Intermittent generation from wind or photovoltaics (PV) imposes a cost on the power systems in which they are deployed. These costs vary regionally due to different fuel costs and ramping flexibility of existing grid capacities. With 2015 as a reference year, we examine the costs of PV intermittency and costs of integration to power utilities in Saudi Arabia, using a least-cost approach for the power utilities. The operational facets of PV integration to grid operators will be more pronounced with higher PV penetration, so, to focus on system operation, we exclude the capital costs. The excess of the price paid to new PV generators over the current average consumer tariff would also have to be covered by the utility, and will depend on the details of the power purchase contracts.
We define intermittency costs as the costs of ramping and maintaining spinning reserves. Integration costs are the sum of intermittency costs, plus the costs of grid upgrades that are needed when renewable deployment exceeds existing grid capacity.
The gross cost of intermittency, excluding any benefits attained from PV operation, rises to approximately 1.3 cents per kilowatt-hour (¢/kWh) of energy provided by PV when 20 GW of PV capacity are installed.
At low levels of penetration, renewables may impose negligible cost or even confer net benefits. However, above a certain level, the costs will outweigh the benefits – what we term the ‘‘Operational Blend Wall.’’

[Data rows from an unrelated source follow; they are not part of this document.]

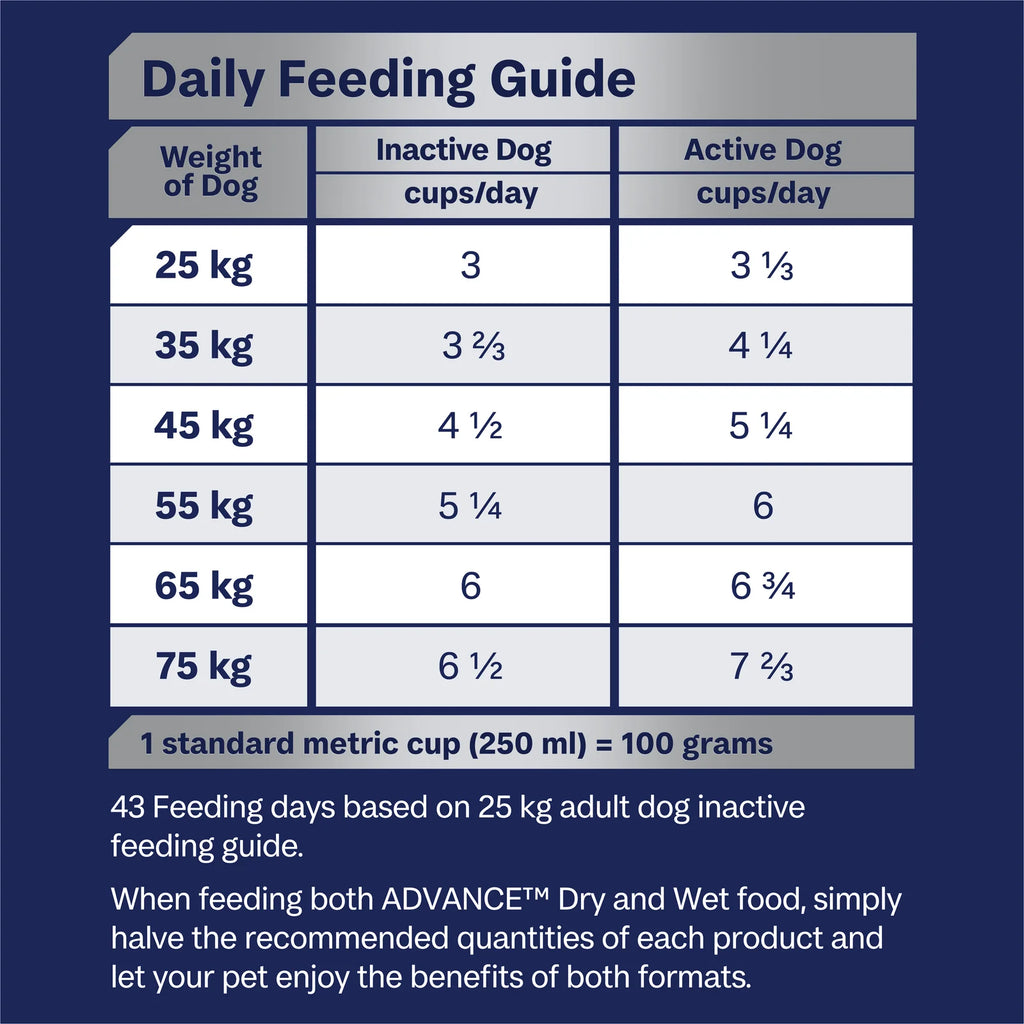 Advance Adult Large Breed Mobility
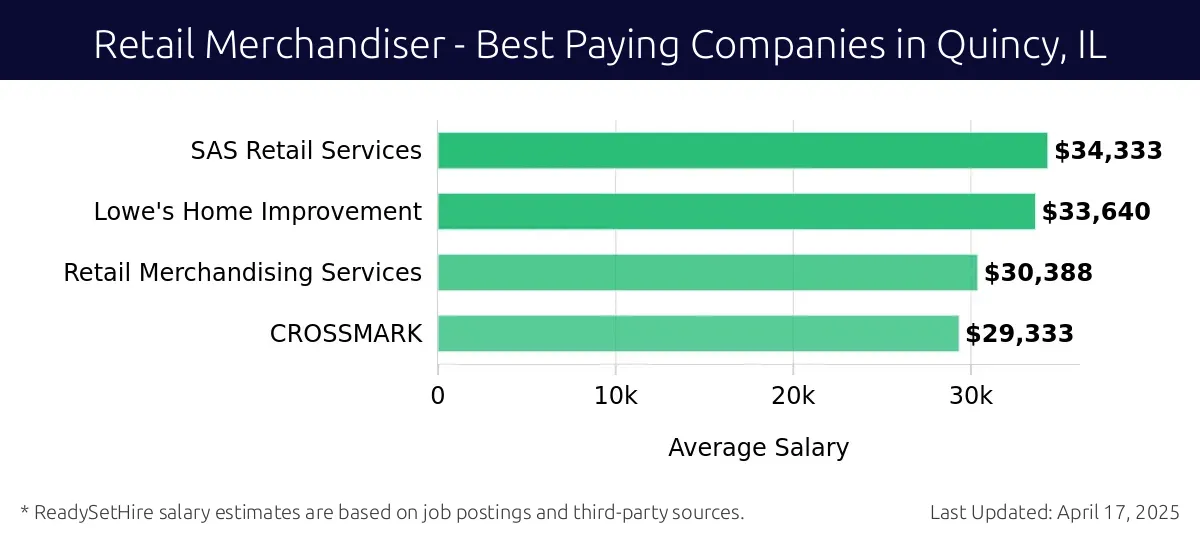 Graph displaying best paying company salaries for Retail Merchandiser jobs in Quincy, IL, highlighting SAS Retail Services with the highest at $34,333 and CROSSMARK with the lowest at $29,333.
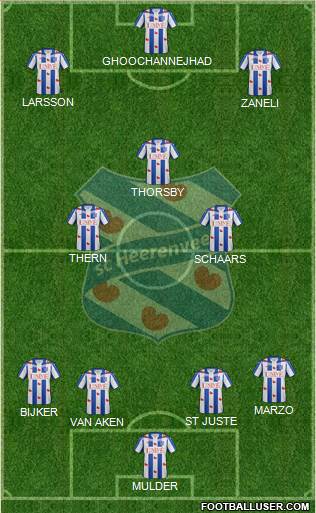 sc Heerenveen Formation 2016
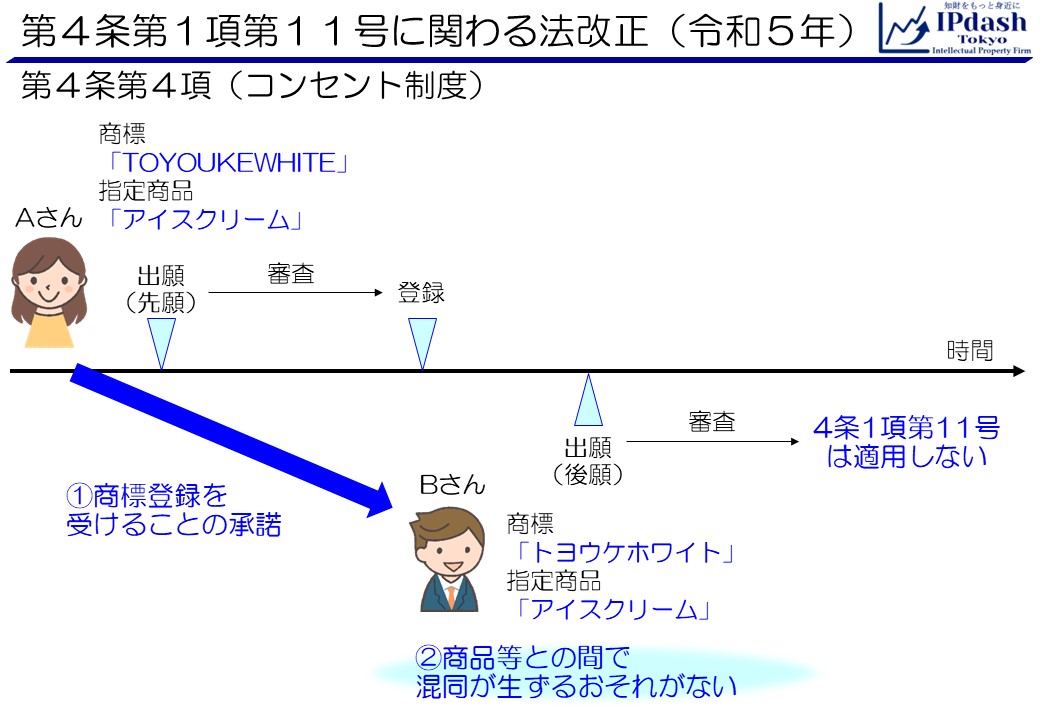 商標法第4条第1項第11号に関わる法改正(令和5年)-商標法第4条第4項(コンセント制度):1.先願に係る商標権者から、商標登録を受けることについて承諾を得ていること、2.(商標権者、使用権者が使用する)商品・役務との間で混同を生ずるおそれがないこと、を満たす場合、商標法4条1項第11号の規定は適用しない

Adding up to 11 GW of PV generation capacity in some regions achieves lower system operating costs compared to a case without PV addition. Beyond 11 GW, costs begin to outweigh benefits, and the net cost to the power system increases by 0.04 ¢/kWh at 20 GW of PV deployment. This compares to an average cost of supply in the current power system of 1.61 ¢/kWh.

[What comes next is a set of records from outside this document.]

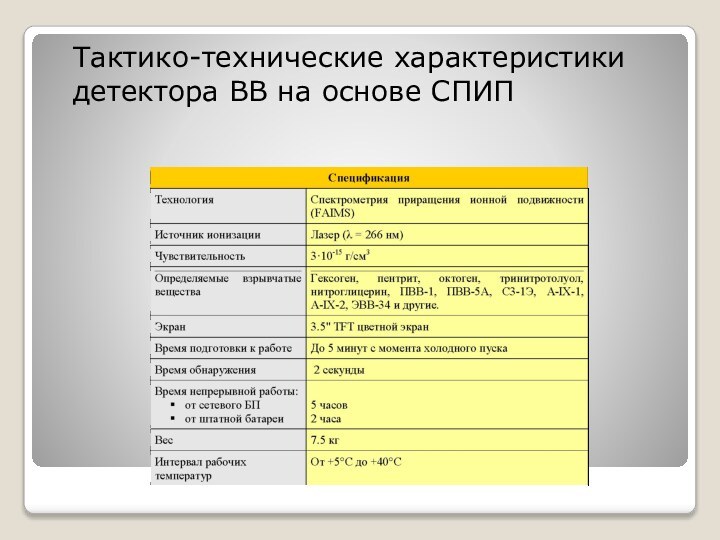 Тактико-технические характеристики детектора ВВ на основе СПИП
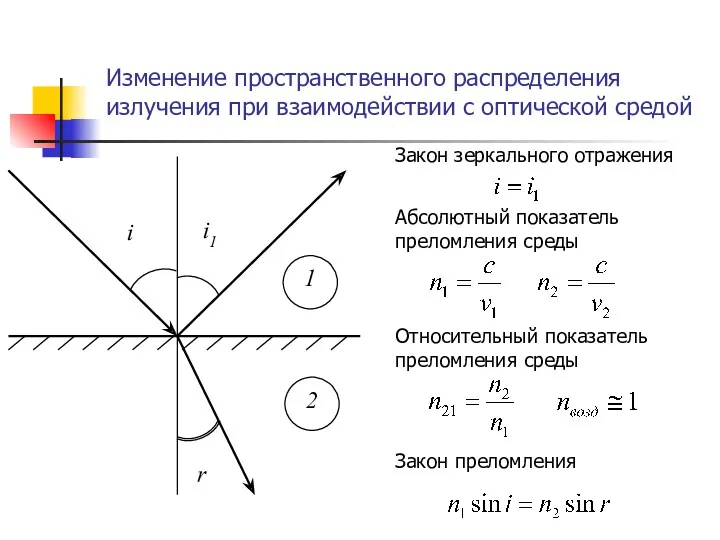 Изменение пространственного распределения излучения при взаимодействии с оптической средой Закон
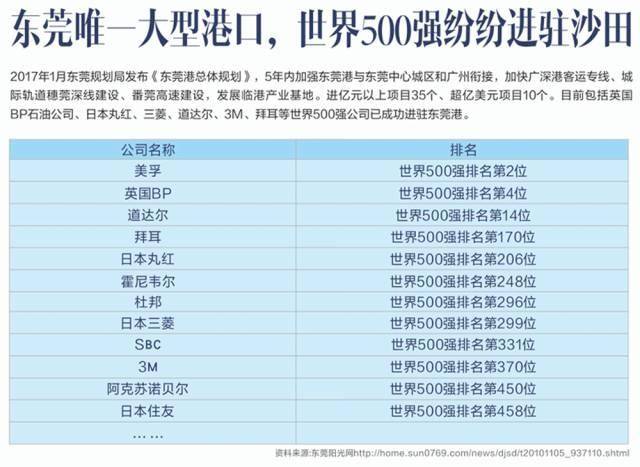 2021滨海新区gdp(3)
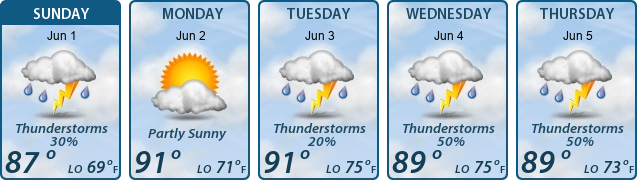 5-Day Forecast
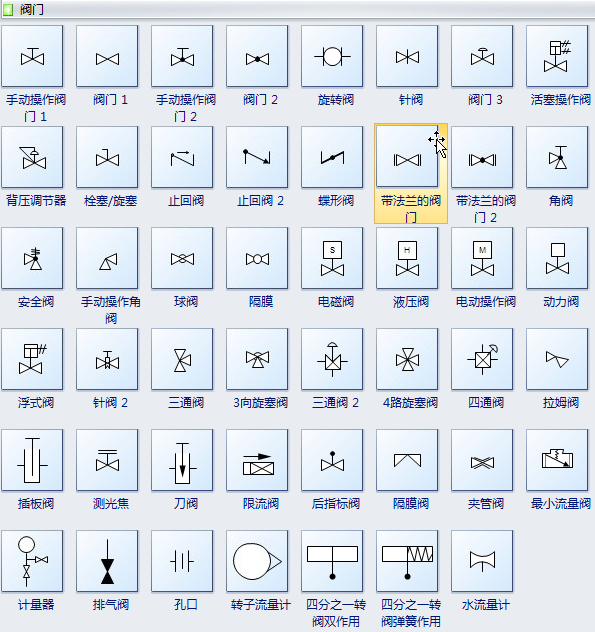 管路及仪表布置图符号—阀门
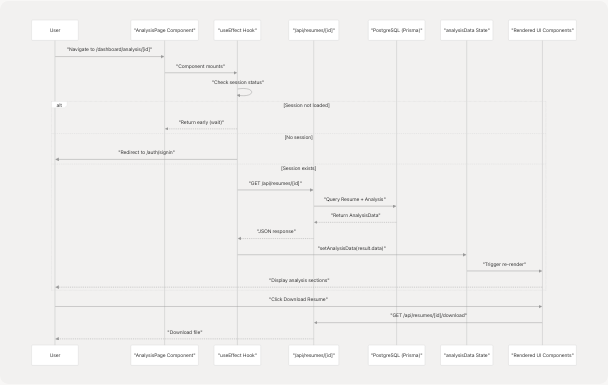 Architecture Diagram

This operational blend wall of 11 GW is a function of overall system demand and the price of fuels displaced by PV electricity. If electricity prices were to rise to cover the integration costs, any resulting reduction in electricity use would reduce the blend wall. Similarly, increasing fuel prices would increase the blend wall.
About the Project
We developed the KAPSARC Energy Model (KEM) for Saudi Arabia to understand the dynamics of the country’s energy system. It is a partial equilibrium model formulated as a mixed complementarity problem to capture the administered prices that permeate the local economy. KEM for Saudi Arabia has been previously used to study the impacts of various industrial fuel pricing policies, improved residential energy efficiency on the energy economy, and the feasibility of installing coal-fired power plants in Saudi Arabia. In the present paper, we use it to assess the intermittency and integration costs of photovoltaics in the Saudi power system. Ongoing work revolves around CO2 emissions in the cement industry in KEM for Saudi Arabia, and generalizing the main results of this paper.